**AIM OF THE EXERCISE**
Reproduce the listing in full. Omit the pictures.

**DATASET CONTENT**

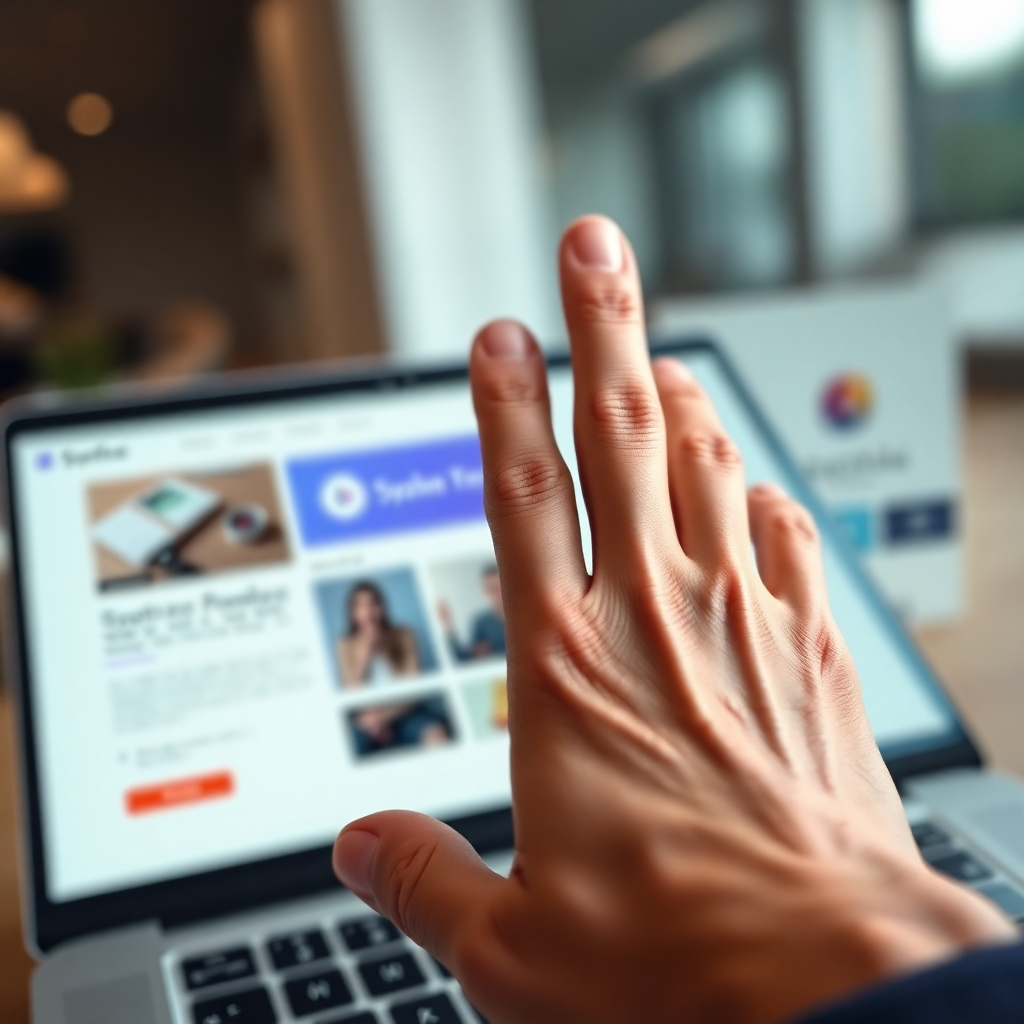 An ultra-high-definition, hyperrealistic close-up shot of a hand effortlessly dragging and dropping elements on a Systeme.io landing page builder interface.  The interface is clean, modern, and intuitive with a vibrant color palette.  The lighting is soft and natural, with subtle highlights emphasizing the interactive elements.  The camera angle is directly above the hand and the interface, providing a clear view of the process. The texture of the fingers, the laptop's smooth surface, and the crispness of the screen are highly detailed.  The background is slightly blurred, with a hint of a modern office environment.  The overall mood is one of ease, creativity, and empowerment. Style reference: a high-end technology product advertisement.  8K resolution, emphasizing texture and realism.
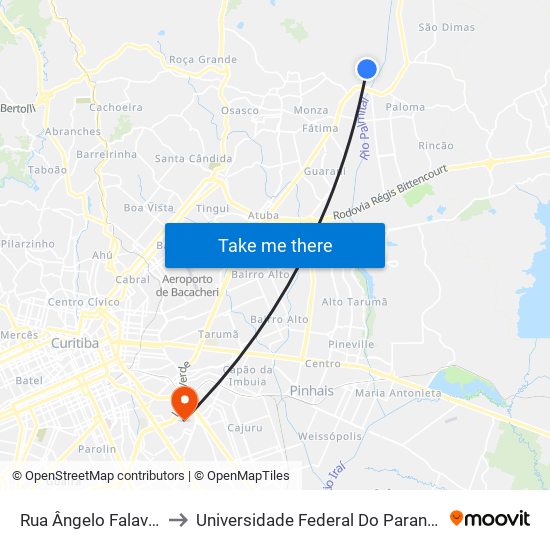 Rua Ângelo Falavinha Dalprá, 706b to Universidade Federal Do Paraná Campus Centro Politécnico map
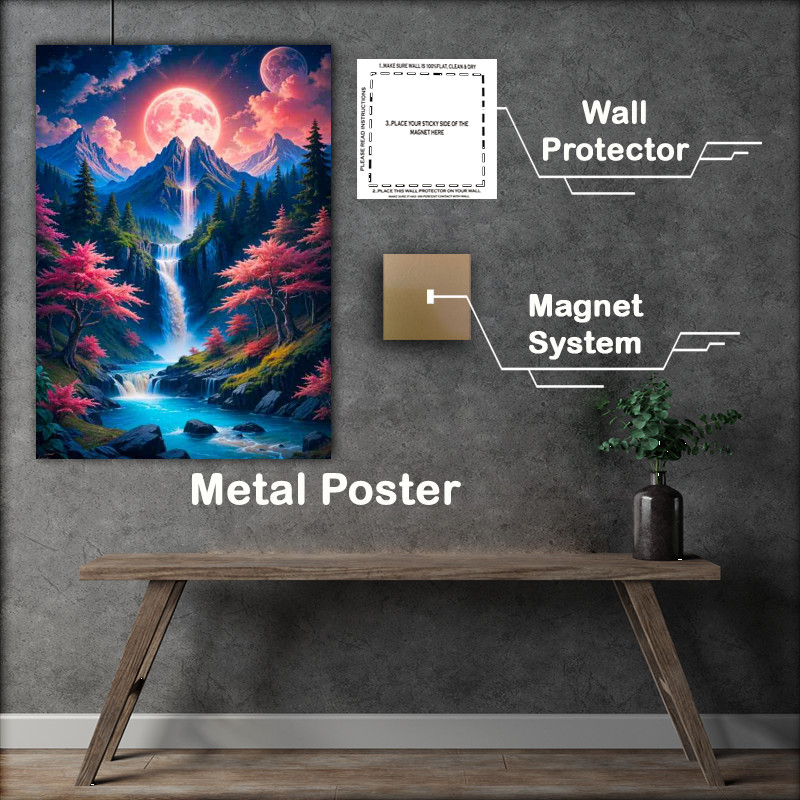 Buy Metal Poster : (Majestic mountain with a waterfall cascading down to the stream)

**RESPONSE TO THE EXERCISE**
 An ultra-high-definition, hyperrealistic close-up shot of a hand effortlessly dragging and dropping elements on a Systeme.io landing page builder interface.  The interface is clean, modern, and intuitive with a vibrant color palette.  The lighting is soft and natural, with subtle highlights emphasizing the interactive elements.  The camera angle is directly above the hand and the interface, providing a clear view of the process. The texture of the fingers, the laptop's smooth surface, and the crispness of the screen are highly detailed.  The background is slightly blurred, with a hint of a modern office environment.  The overall mood is one of ease, creativity, and empowerment. Style reference: a high-end technology product advertisement.  8K resolution, emphasizing texture and realism.
 Rua Ângelo Falavinha Dalprá, 706b to Universidade Federal Do Paraná Campus Centro Politécnico map
 Buy Metal Poster : (Majestic mountain with a waterfall cascading down to the stream)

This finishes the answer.